Looking at our standard deviation test, the 845DC PRO again beat out the other drives though in higher queue depths it did fall behind the 853T.

Conclusion

The Samsung 845DC PRO is a 2.5” SATA enterprise SSD aimed at applications that are mixed or write heavy workload specific. It has the world’s first 24-layer 3D V-NAND technology, a Samsung 3-core MDX controller, and up to 1GB of cache memory. It comes with very impressive performance and endurance claims. The 845DC PRO supports up to 10 DWPD over 5 years, low power consumption, and enhanced data reliability thanks to features like power fail protection. Overall the drive is an impressive build of materials that continues to highlight Samsung's prowess as a vertically integrated provider. 

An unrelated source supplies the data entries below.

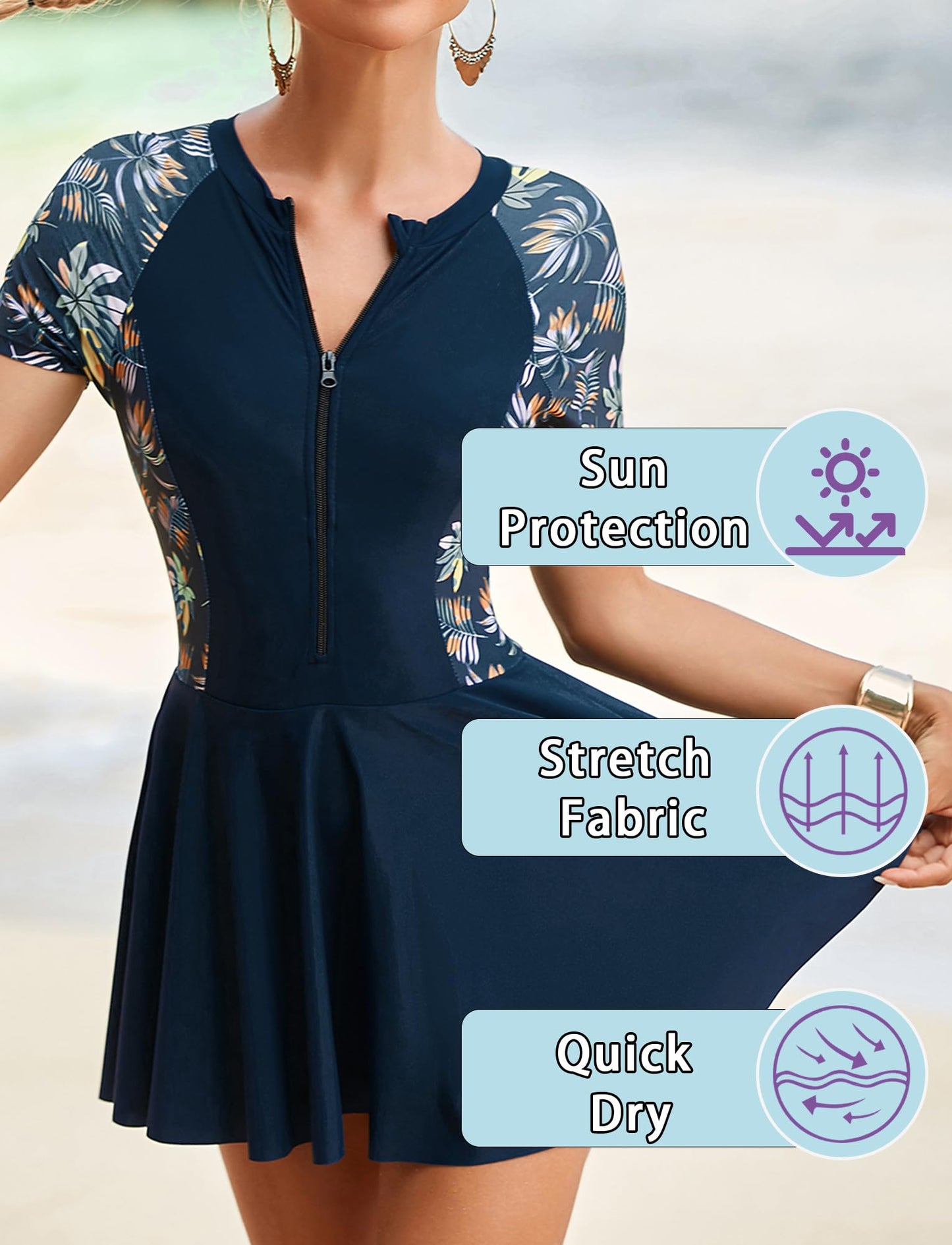 FEOYA Women's Short Sleeve Swimsuits Swim Dress 50+ UPF Rash Guard Modest One Piece Swimwear with Skirt Bathing Suit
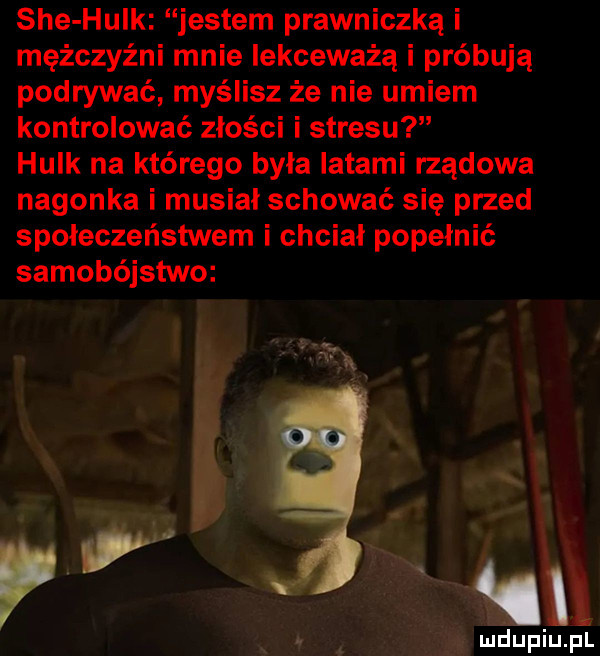 sie hulk jestem prawniczka i mężczyźni mnie lekceważą i próbują podrywać myślisz że nie umiem kontrolować złości i stresu hulk na którego byla latarni rządowa nagonka i musiał schować się przed społeczeństwem i chciał popełnić samobójstwo   h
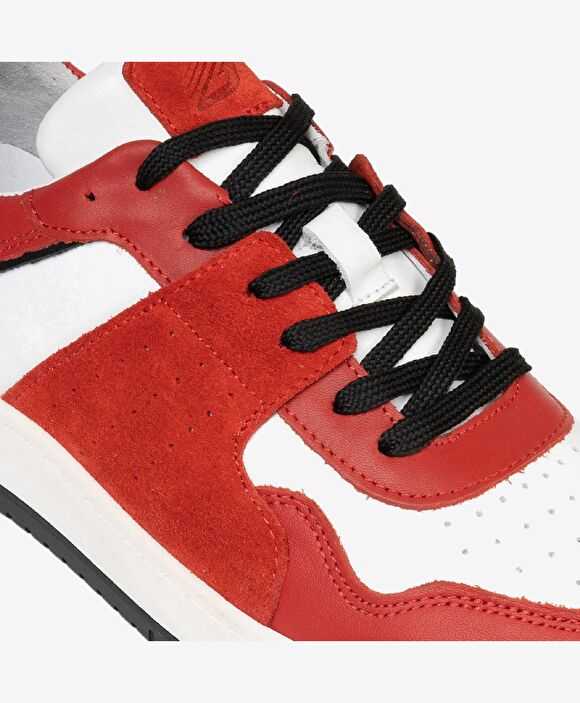 Erkek Kırmızı Beyaz Hakiki Deri Termo Taban Sneaker Ayakkabı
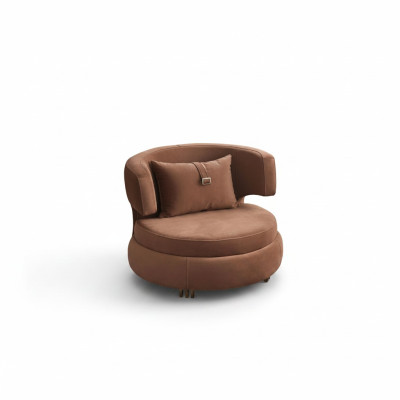 Luxury Armchair Living Room Upholstery Textile Furniture Brown Seat New Modern Design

Looking at its performance, the Samsung 845DC PRO either came in at the top or near the top across application and synthetic benchmarks. For example, in our application workload analysis the 845DC PRO was one of the top performers in our Sysbench MySQL database test as well as the top performer in our MarkLogic NoSQL Database benchmark and our SQL Server tests. Looking at our synthetic workload analysis, the 845DC PRO dominated the field in the 4k tests and in our 8k 70/30 tests falling behind the 845DC EVO and SM853T on the max latency. It was one of the top performers in the 8k preconditioning tests and though it wasn’t always the best it was the most consistent. 

Pros

  • Balanced performance, strong read and write speeds
  • Excellent endurance
  • Vertically integrated solution

Cons

  • Limited V-NAND track record may deter some
  • Top-end capacity point could be higher

Bottom Line

The Samsung 845DC PRO brings new NAND technology to the enterprise SSD space that is getting a little behind in terms of innovation. Samsung's new drive leverages the V-NAND and in-house controller and firmware to post excellent scores in all of our database tests in addition to impressive performance in the synthetics.